Could you copy the records below exactly, leaving out any pictures?

○ ○ ○

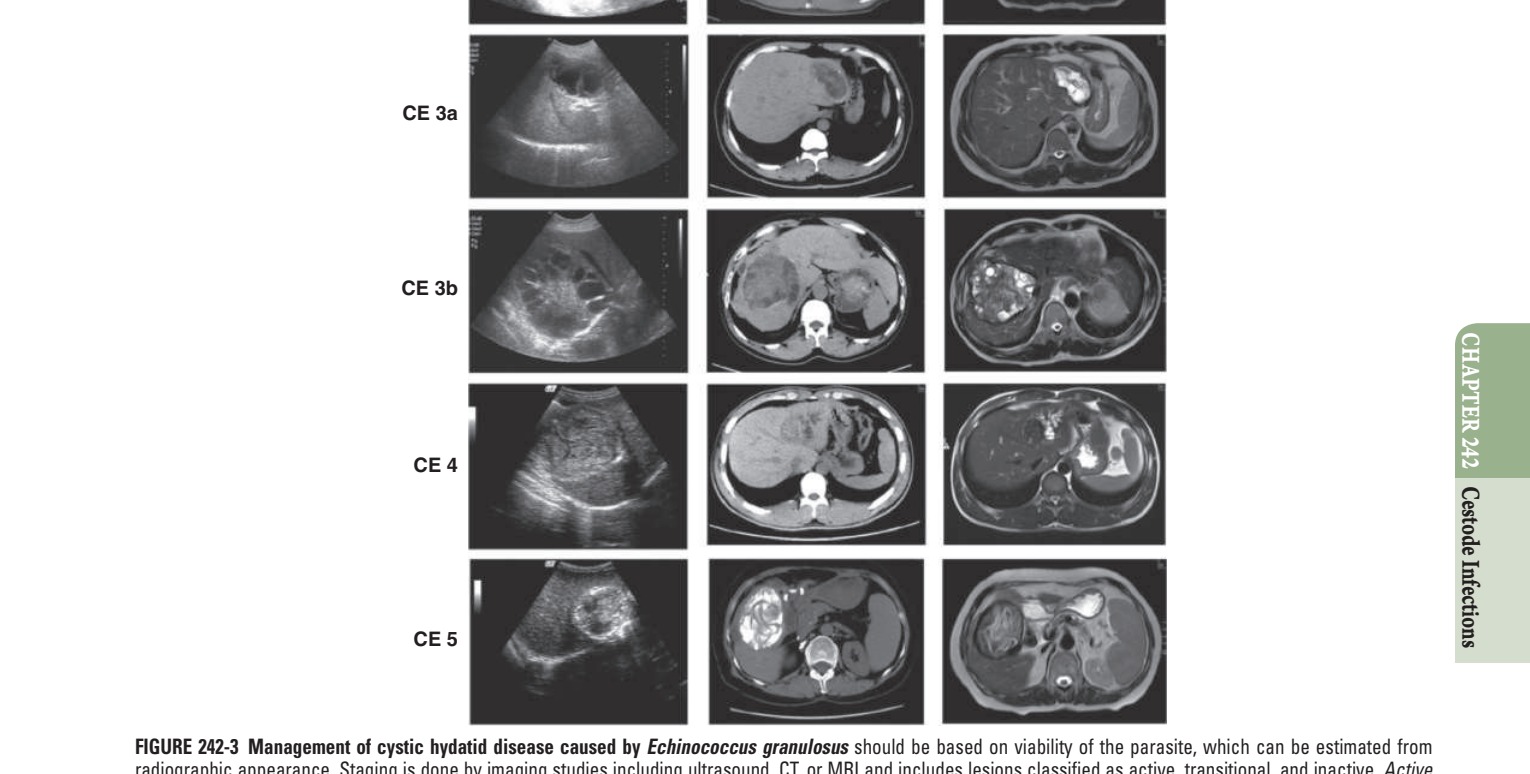 Management of cystic hydatid disease caused by Echinococcus radiographic appearance
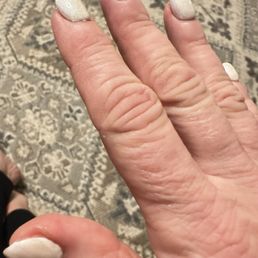 Lumpy nails and bleeding cuticles Lumpy nails and bleeding cuticles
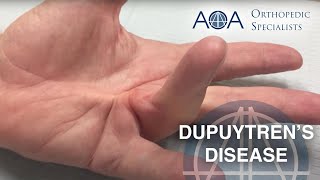 AOA Orthopedic Specialists  Dupuytrens Contracture [upl. by Arahsat318]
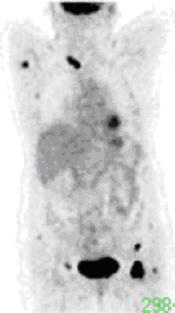 Breast Cancer Figure 1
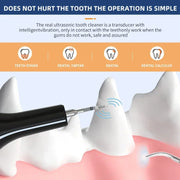 Pet Teeth Cleaning Tools Dog Toothbrushes Dog Supplies Pet Grooming Toothbrush Dental Stain Cleaning Pen Professional Products - My Store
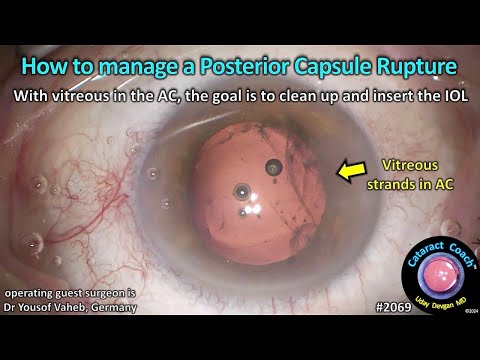 CataractCoach™ 2069: how to manage a posterior capsule rupture in cataract surgery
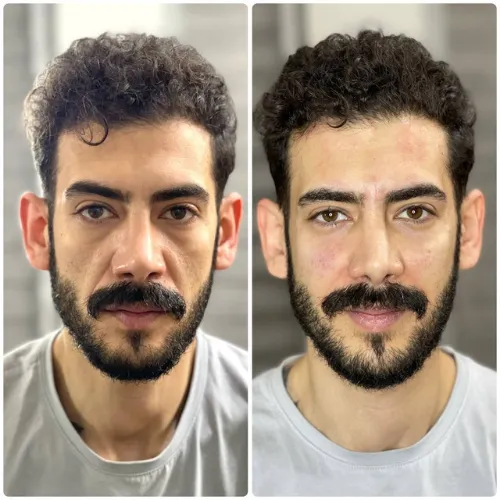 جوانسازی و لیفت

○ ○ ○

§ **YOUR SOLUTION**:
 Management of cystic hydatid disease caused by Echinococcus radiographic appearance
 Lumpy nails and bleeding cuticles Lumpy nails and bleeding cuticles
 AOA Orthopedic Specialists  Dupuytrens Contracture [upl. by Arahsat318]
 Breast Cancer Figure 1
 Pet Teeth Cleaning Tools Dog Toothbrushes Dog Supplies Pet Grooming Toothbrush Dental Stain Cleaning Pen Professional Products - My Store
 CataractCoach™ 2069: how to manage a posterior capsule rupture in cataract surgery
 جوانسازی و لیفت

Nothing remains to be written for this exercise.